▸ Description of the task:
Please copy out the records that follow exactly as they stand.

Scraped caption text data
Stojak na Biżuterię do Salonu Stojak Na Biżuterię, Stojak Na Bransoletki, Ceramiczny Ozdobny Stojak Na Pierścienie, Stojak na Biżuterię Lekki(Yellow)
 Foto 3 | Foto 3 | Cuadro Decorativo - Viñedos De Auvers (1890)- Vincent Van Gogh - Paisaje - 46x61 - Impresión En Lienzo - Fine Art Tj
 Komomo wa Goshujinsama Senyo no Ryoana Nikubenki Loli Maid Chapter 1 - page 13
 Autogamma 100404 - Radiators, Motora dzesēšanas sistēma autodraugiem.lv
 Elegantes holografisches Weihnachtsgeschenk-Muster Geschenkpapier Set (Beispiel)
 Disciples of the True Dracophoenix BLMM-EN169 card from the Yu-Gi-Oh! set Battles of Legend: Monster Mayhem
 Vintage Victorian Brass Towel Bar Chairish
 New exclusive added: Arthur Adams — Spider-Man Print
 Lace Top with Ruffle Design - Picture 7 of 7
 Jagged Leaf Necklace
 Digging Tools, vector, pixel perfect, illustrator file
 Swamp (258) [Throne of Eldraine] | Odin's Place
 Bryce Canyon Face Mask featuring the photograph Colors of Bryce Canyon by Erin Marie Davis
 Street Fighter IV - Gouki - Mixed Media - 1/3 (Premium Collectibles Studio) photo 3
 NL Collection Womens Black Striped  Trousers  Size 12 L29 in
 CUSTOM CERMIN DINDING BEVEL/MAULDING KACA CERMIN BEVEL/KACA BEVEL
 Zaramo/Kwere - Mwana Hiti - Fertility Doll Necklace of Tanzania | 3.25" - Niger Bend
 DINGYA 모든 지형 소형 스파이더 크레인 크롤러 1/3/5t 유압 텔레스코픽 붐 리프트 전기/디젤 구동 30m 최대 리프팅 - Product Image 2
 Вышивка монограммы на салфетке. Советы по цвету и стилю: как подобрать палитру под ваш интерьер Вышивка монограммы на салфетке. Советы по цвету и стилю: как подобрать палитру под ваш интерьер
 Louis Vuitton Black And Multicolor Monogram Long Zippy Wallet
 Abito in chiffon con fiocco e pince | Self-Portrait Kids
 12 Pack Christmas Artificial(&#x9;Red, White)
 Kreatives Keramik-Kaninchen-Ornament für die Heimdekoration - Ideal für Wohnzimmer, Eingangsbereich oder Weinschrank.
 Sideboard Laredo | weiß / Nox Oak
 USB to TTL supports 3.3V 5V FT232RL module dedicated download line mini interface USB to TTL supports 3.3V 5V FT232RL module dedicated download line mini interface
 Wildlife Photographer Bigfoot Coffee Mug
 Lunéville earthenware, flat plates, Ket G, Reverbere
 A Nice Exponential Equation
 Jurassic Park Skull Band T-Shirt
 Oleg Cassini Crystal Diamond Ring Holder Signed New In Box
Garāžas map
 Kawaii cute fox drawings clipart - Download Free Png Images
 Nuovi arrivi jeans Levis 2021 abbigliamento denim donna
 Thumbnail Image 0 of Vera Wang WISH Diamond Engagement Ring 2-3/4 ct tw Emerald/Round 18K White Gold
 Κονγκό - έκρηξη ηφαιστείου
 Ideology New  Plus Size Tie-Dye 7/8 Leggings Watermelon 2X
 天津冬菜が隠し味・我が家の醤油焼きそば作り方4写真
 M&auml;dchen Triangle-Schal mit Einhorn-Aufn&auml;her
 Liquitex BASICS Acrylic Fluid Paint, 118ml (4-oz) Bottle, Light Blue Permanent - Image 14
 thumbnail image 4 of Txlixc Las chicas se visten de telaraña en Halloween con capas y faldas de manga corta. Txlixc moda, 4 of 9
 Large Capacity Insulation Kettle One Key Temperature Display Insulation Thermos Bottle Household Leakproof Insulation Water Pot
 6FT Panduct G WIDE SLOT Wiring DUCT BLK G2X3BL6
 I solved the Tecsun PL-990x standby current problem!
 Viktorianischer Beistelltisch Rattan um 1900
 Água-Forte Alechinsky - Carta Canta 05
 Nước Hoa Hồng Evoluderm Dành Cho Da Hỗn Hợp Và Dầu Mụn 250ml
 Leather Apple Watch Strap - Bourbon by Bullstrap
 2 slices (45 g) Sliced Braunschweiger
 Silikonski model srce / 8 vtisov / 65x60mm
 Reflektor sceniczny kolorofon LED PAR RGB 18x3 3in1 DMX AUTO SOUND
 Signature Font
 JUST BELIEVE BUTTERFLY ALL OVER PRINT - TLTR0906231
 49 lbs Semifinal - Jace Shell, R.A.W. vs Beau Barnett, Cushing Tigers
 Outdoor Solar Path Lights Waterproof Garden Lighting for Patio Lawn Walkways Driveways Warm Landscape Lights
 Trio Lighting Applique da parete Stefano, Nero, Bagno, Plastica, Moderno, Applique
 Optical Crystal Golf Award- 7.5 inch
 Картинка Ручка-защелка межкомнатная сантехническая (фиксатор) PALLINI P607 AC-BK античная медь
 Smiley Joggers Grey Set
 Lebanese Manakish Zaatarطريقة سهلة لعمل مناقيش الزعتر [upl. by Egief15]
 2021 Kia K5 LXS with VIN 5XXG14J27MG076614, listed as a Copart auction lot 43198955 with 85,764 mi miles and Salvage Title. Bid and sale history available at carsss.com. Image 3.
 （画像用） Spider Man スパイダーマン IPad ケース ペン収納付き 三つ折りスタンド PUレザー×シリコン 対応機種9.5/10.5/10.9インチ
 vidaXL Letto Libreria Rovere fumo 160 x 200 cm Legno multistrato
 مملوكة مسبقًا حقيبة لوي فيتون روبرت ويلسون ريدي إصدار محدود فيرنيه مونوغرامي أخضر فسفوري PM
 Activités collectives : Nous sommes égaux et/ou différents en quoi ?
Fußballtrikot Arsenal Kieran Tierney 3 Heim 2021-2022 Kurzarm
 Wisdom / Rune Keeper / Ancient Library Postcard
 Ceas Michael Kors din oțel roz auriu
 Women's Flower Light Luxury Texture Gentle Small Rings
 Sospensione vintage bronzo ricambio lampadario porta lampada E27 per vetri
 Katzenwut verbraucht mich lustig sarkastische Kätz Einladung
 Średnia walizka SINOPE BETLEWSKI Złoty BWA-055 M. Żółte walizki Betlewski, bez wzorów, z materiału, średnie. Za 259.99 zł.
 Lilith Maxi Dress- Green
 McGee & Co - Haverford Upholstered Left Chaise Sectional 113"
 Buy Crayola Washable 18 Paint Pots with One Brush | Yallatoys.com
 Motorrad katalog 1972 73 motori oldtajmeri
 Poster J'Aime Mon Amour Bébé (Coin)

▸ Answer for the task:
Stojak na Biżuterię do Salonu Stojak Na Biżuterię, Stojak Na Bransoletki, Ceramiczny Ozdobny Stojak Na Pierścienie, Stojak na Biżuterię Lekki(Yellow)
 Foto 3 | Foto 3 | Cuadro Decorativo - Viñedos De Auvers (1890)- Vincent Van Gogh - Paisaje - 46x61 - Impresión En Lienzo - Fine Art Tj
 Komomo wa Goshujinsama Senyo no Ryoana Nikubenki Loli Maid Chapter 1 - page 13
 Autogamma 100404 - Radiators, Motora dzesēšanas sistēma autodraugiem.lv
 Elegantes holografisches Weihnachtsgeschenk-Muster Geschenkpapier Set (Beispiel)
 Disciples of the True Dracophoenix BLMM-EN169 card from the Yu-Gi-Oh! set Battles of Legend: Monster Mayhem
 Vintage Victorian Brass Towel Bar Chairish
 New exclusive added: Arthur Adams — Spider-Man Print
 Lace Top with Ruffle Design - Picture 7 of 7
 Jagged Leaf Necklace
 Digging Tools, vector, pixel perfect, illustrator file
 Swamp (258) [Throne of Eldraine] | Odin's Place
 Bryce Canyon Face Mask featuring the photograph Colors of Bryce Canyon by Erin Marie Davis
 Street Fighter IV - Gouki - Mixed Media - 1/3 (Premium Collectibles Studio) photo 3
 NL Collection Womens Black Striped  Trousers  Size 12 L29 in
 CUSTOM CERMIN DINDING BEVEL/MAULDING KACA CERMIN BEVEL/KACA BEVEL
 Zaramo/Kwere - Mwana Hiti - Fertility Doll Necklace of Tanzania | 3.25" - Niger Bend
 DINGYA 모든 지형 소형 스파이더 크레인 크롤러 1/3/5t 유압 텔레스코픽 붐 리프트 전기/디젤 구동 30m 최대 리프팅 - Product Image 2
 Вышивка монограммы на салфетке. Советы по цвету и стилю: как подобрать палитру под ваш интерьер Вышивка монограммы на салфетке. Советы по цвету и стилю: как подобрать палитру под ваш интерьер
 Louis Vuitton Black And Multicolor Monogram Long Zippy Wallet
 Abito in chiffon con fiocco e pince | Self-Portrait Kids
 12 Pack Christmas Artificial(&#x9;Red, White)
 Kreatives Keramik-Kaninchen-Ornament für die Heimdekoration - Ideal für Wohnzimmer, Eingangsbereich oder Weinschrank.
 Sideboard Laredo | weiß / Nox Oak
 USB to TTL supports 3.3V 5V FT232RL module dedicated download line mini interface USB to TTL supports 3.3V 5V FT232RL module dedicated download line mini interface
 Wildlife Photographer Bigfoot Coffee Mug
 Lunéville earthenware, flat plates, Ket G, Reverbere
 A Nice Exponential Equation
 Jurassic Park Skull Band T-Shirt
 Oleg Cassini Crystal Diamond Ring Holder Signed New In Box
Garāžas map
 Kawaii cute fox drawings clipart - Download Free Png Images
 Nuovi arrivi jeans Levis 2021 abbigliamento denim donna
 Thumbnail Image 0 of Vera Wang WISH Diamond Engagement Ring 2-3/4 ct tw Emerald/Round 18K White Gold
 Κονγκό - έκρηξη ηφαιστείου
 Ideology New  Plus Size Tie-Dye 7/8 Leggings Watermelon 2X
 天津冬菜が隠し味・我が家の醤油焼きそば作り方4写真
 M&auml;dchen Triangle-Schal mit Einhorn-Aufn&auml;her
 Liquitex BASICS Acrylic Fluid Paint, 118ml (4-oz) Bottle, Light Blue Permanent - Image 14
 thumbnail image 4 of Txlixc Las chicas se visten de telaraña en Halloween con capas y faldas de manga corta. Txlixc moda, 4 of 9
 Large Capacity Insulation Kettle One Key Temperature Display Insulation Thermos Bottle Household Leakproof Insulation Water Pot
 6FT Panduct G WIDE SLOT Wiring DUCT BLK G2X3BL6
 I solved the Tecsun PL-990x standby current problem!
 Viktorianischer Beistelltisch Rattan um 1900
 Água-Forte Alechinsky - Carta Canta 05
 Nước Hoa Hồng Evoluderm Dành Cho Da Hỗn Hợp Và Dầu Mụn 250ml
 Leather Apple Watch Strap - Bourbon by Bullstrap
 2 slices (45 g) Sliced Braunschweiger
 Silikonski model srce / 8 vtisov / 65x60mm
 Reflektor sceniczny kolorofon LED PAR RGB 18x3 3in1 DMX AUTO SOUND
 Signature Font
 JUST BELIEVE BUTTERFLY ALL OVER PRINT - TLTR0906231
 49 lbs Semifinal - Jace Shell, R.A.W. vs Beau Barnett, Cushing Tigers
 Outdoor Solar Path Lights Waterproof Garden Lighting for Patio Lawn Walkways Driveways Warm Landscape Lights
 Trio Lighting Applique da parete Stefano, Nero, Bagno, Plastica, Moderno, Applique
 Optical Crystal Golf Award- 7.5 inch
 Картинка Ручка-защелка межкомнатная сантехническая (фиксатор) PALLINI P607 AC-BK античная медь
 Smiley Joggers Grey Set
 Lebanese Manakish Zaatarطريقة سهلة لعمل مناقيش الزعتر [upl. by Egief15]
 2021 Kia K5 LXS with VIN 5XXG14J27MG076614, listed as a Copart auction lot 43198955 with 85,764 mi miles and Salvage Title. Bid and sale history available at carsss.com. Image 3.
 （画像用） Spider Man スパイダーマン IPad ケース ペン収納付き 三つ折りスタンド PUレザー×シリコン 対応機種9.5/10.5/10.9インチ
 vidaXL Letto Libreria Rovere fumo 160 x 200 cm Legno multistrato
 مملوكة مسبقًا حقيبة لوي فيتون روبرت ويلسون ريدي إصدار محدود فيرنيه مونوغرامي أخضر فسفوري PM
 Activités collectives : Nous sommes égaux et/ou différents en quoi ?
Fußballtrikot Arsenal Kieran Tierney 3 Heim 2021-2022 Kurzarm
 Wisdom / Rune Keeper / Ancient Library Postcard
 Ceas Michael Kors din oțel roz auriu
 Women's Flower Light Luxury Texture Gentle Small Rings
 Sospensione vintage bronzo ricambio lampadario porta lampada E27 per vetri
 Katzenwut verbraucht mich lustig sarkastische Kätz Einladung
 Średnia walizka SINOPE BETLEWSKI Złoty BWA-055 M. Żółte walizki Betlewski, bez wzorów, z materiału, średnie. Za 259.99 zł.
 Lilith Maxi Dress- Green
 McGee & Co - Haverford Upholstered Left Chaise Sectional 113"
 Buy Crayola Washable 18 Paint Pots with One Brush | Yallatoys.com
 Motorrad katalog 1972 73 motori oldtajmeri
 Poster J'Aime Mon Amour Bébé (Coin)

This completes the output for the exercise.